単純にスタイラスペンで、ポチポチと用意された項目を押すだけでも、項目数が多ければ相当な負担になる。1社分の入力に5分かかるとすると、1日4社、5社訪問する場合は、作業時間だけで30分は必要になる。
1社訪問するたびにこまめに入力することはおそらく多くの場合できないはずだから、1日の業務を終えてからということになる。あれこれと思い出しながら入力し、訂正などもすることになると、所用時間はさらに増えていく。
月曜日から金曜日まで、業務があるときは毎日この入力作業が必要ということになると、数カ月でほころびが出始める。真面目な人でも、未入力案件が少しずつ増えていき、「そもそもこんなものを入力して何の役に立つのだ?」という声が大きくなり、やがてシステムは開店休業状態になる。
このようにSFAは、POSレジシステムから情報を自動的に集積して分析するのとは違い、現場の動きを把握するために情報入力を人に任せる性質がある。営業担当者の理解を促し、入力することでメリットがあることを実感してもらわないとなかなか定着しない。
入力を毎日続けるためのモチベーションが保てない
国内最大のケーブルテレビ会社、ジュピターテレコム(J:COM)は、札幌から福岡まで全国5大都市圏で約494万世帯にケーブルテレビ、インターネット接続、電話などのサービスを提供する。
同社は、2008年にSFAを導入し、営業担当者にPDAを持たせて情報を入力させ、顧客の最新状況や営業活動の進ちょくを管理し、トップ営業のセールス手法などの共有化を目指した。しかし、導入後しばらくして入力状況が追い付かなくなり、システムの活用が進まなくなった。
営業推進部 エリア推進グループ長の髙田康二氏
営業推進部 エリア推進グループ長の髙田康二氏は「当時、わたしも入力する側だったのですが、とにかく大変だった。それに、入力した情報が直接営業担当者の活動に役立つものとは感じられなかった」と振り返る。
入力した情報が役に立たない、というのは次のような理由だ。
J:COMの営業担当者は、担当エリアを指示され、1カ月単位で別のエリアへと移っていく。つまり、情報入力していても、その顧客の情報を活用する時間は極端に短いのである。

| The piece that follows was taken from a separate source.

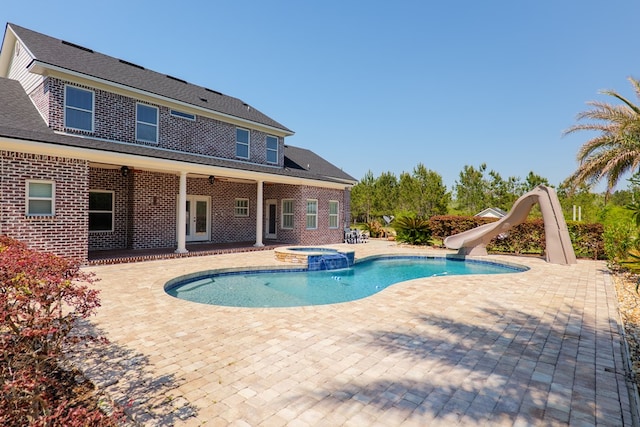 view of pool with a patio area, a water slide, and a pool with connected hot tub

顧客は戸建て住宅に住む人やマンションに住む人、法人客などさまざまだ。これらの顧客がいまどんなサービスを望んでいるか、インターネット、電話、ケーブルテレビなどのサービスをどのような会社から受けているかなどの情報は確かに重要だが、15以上の項目を1日に訪問する4件から5件について毎日入力していくのは確かに負担であり、モチベーションを保つのが難しい。